━━ Data records ━━

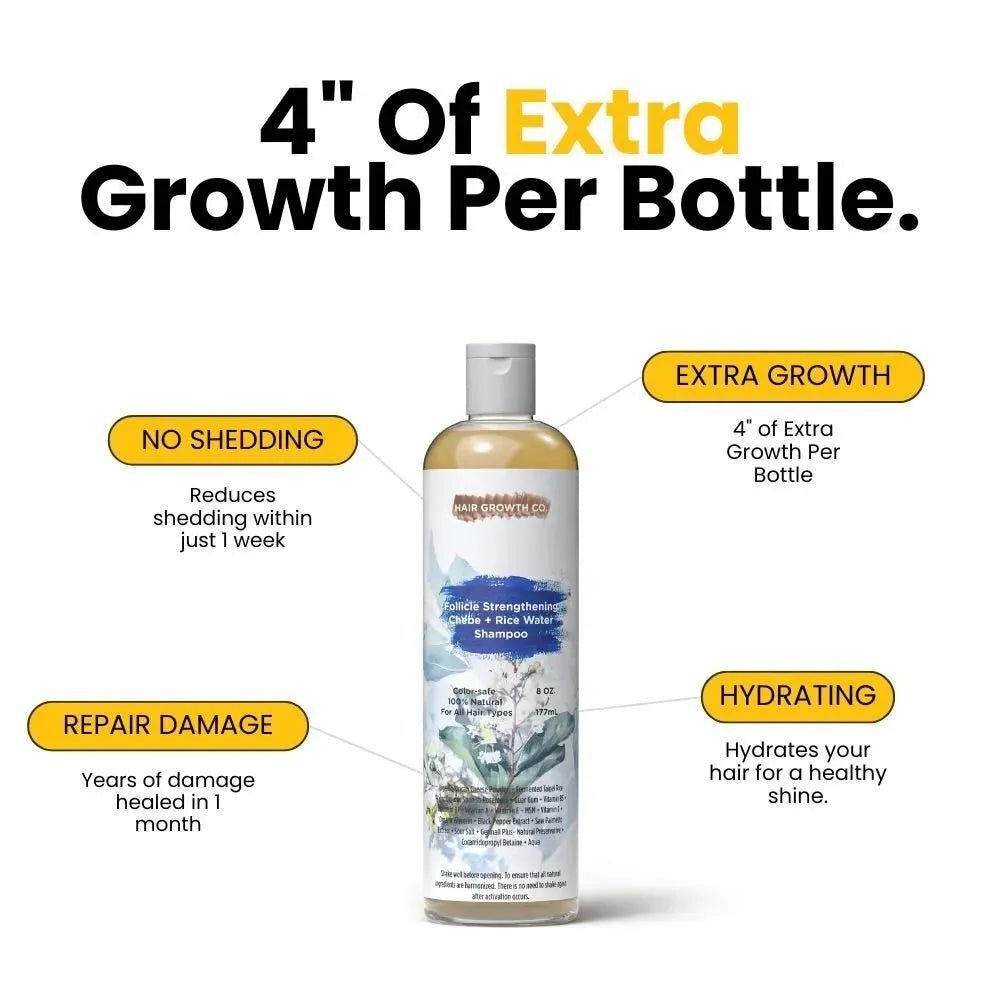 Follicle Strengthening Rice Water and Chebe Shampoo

━━━
━━ Data records ━━

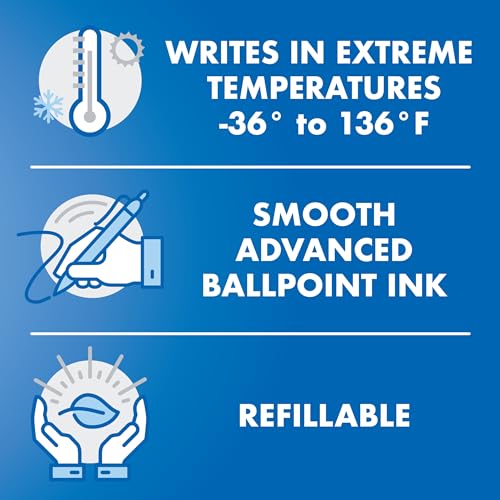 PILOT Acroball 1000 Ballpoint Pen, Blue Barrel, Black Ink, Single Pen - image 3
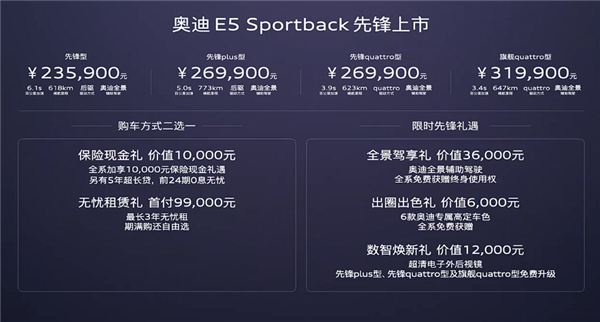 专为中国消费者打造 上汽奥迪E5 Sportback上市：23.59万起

━━━

Instructions for the task =
Give again the stretch of lines above from the one with "PILOT Acroball 1000" through the one with "专为中国消费者打造 上汽奥迪E5 Sportback上市：23.59万起", both ends kept, and copy no pictures.

Exercise output =
 PILOT Acroball 1000 Ballpoint Pen, Blue Barrel, Black Ink, Single Pen - image 3
 专为中国消费者打造 上汽奥迪E5 Sportback上市：23.59万起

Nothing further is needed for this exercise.